The Ombudsman is not Batman, Robin Hood, Zorro, or Asterix, European Ombudsman Jacob Söderman told the Kangaroo Group Conference in Rome, 30 September 1999. Nor is he Santa Claus, even if the current Ombudsman does come from Santa Claus's home country, Finland.
The Ombudsman's job is to help citizens who have run into problems with the public administration. He or she should deal with complaints in a consistent and effective manner so as to help citizens secure their rights. Ombudsmen should maintain the independence and professionalism of their office and leave politics to the politicians.

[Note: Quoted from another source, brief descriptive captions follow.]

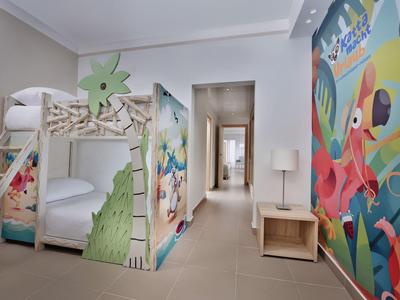 Kinderzimmer mit Etagenbett, bunten Tiermotiven an Wand und Bett, hellem Holz und kleinem Nachttisch.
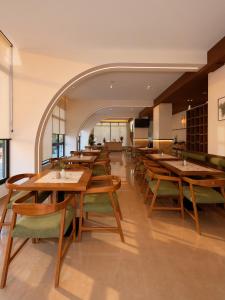 an empty restaurant with wooden tables and chairs at Azel Boutique Hotel in Draç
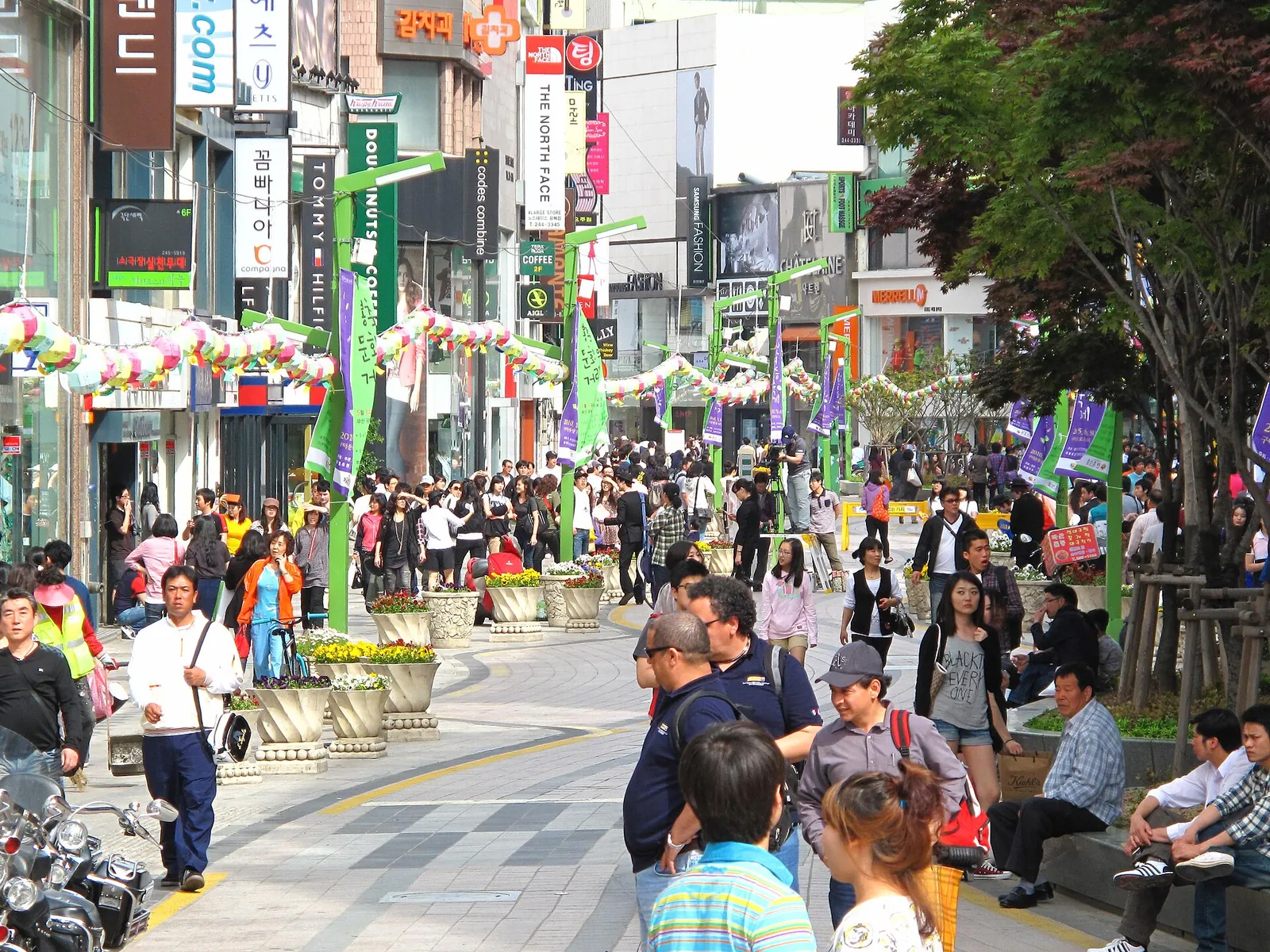 Crowds walking along a pedestrian shopping street in Nampo-dong lined with shops and banners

The European Ombudsman has also taken initiatives to tackle the causes of maladministration. The most important is the drafting of a Code of good administrative behaviour to promote more openness and a service-minded approach in the Community institutions and bodies. The European Commission must take a standpoint on the Ombudsman's draft code before the end of November this year.

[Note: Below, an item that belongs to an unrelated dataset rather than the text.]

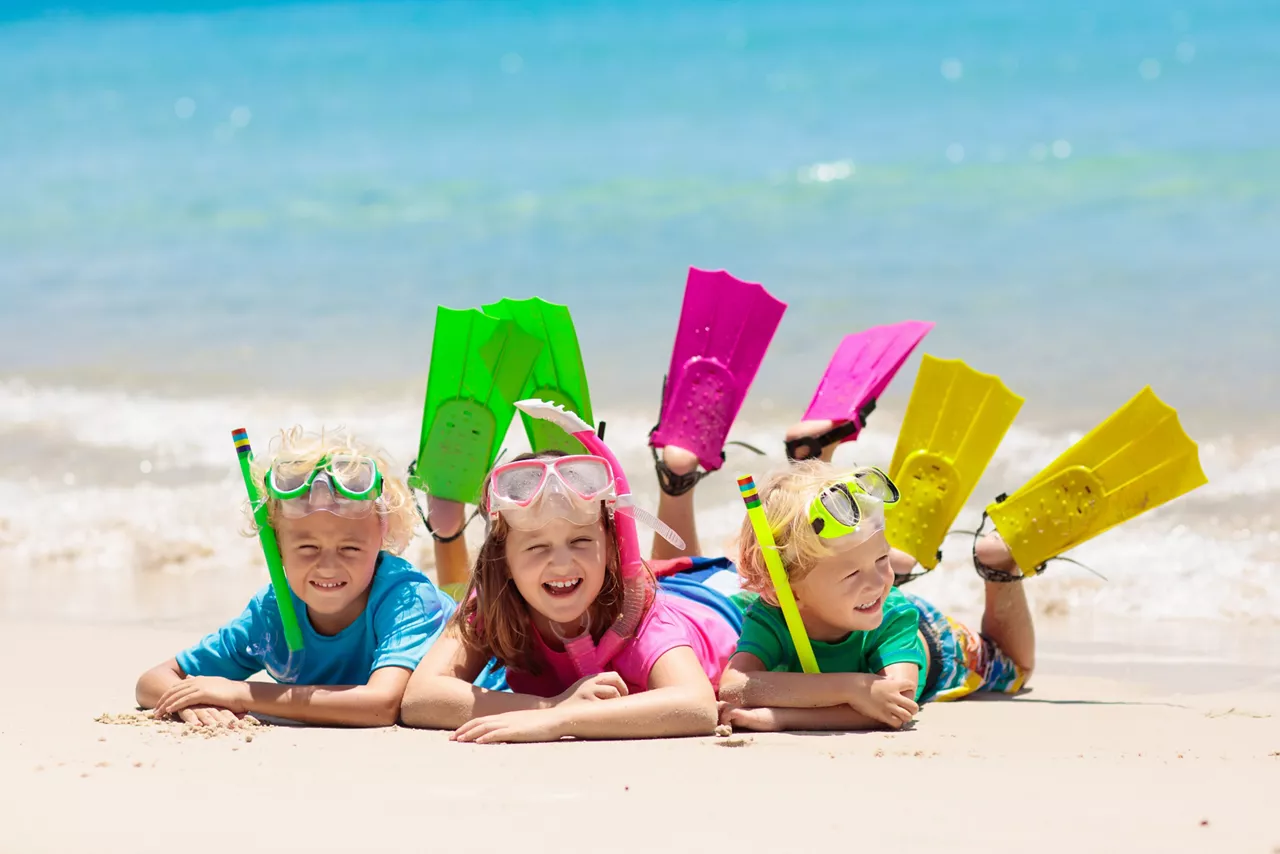 Three children lying on the beach with snorkels and flippers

"The message of the Code is that the European institutions exist to serve European citizens, not the other way round," said Jacob Söderman. "Citizens should be treated in a correct, courteous and helpful way and the Code spells out what that means in practice"

As well as asking for the adoption of a Code of good administrative behaviour, Mr Söderman said his letter to Santa Claus this year will contain three other wishes on behalf of European citizens. First, he hopes that the European Commission will soon publish a draft regulation on public access to documents, as foreseen by the Amsterdam Treaty. The draft should require each institution to have a public register of all documents it holds and include incoming mail. Furthermore, although some documents must be kept confidential, the list of reasons for confidentiality should be precise and short.
The second wish is for the European Union to tackle the issue of guaranteeing its respect for human rights. The Santer Commission proposed that the Union should sign the European Convention on Human Rights, but the Court of Justice decided this could not be done without changing the Union Treaties. Mr Söderman gave his support to the idea of drafting a Charter of fundamental rights, but added that this is a complex task. Concrete results are unlikely in the near future.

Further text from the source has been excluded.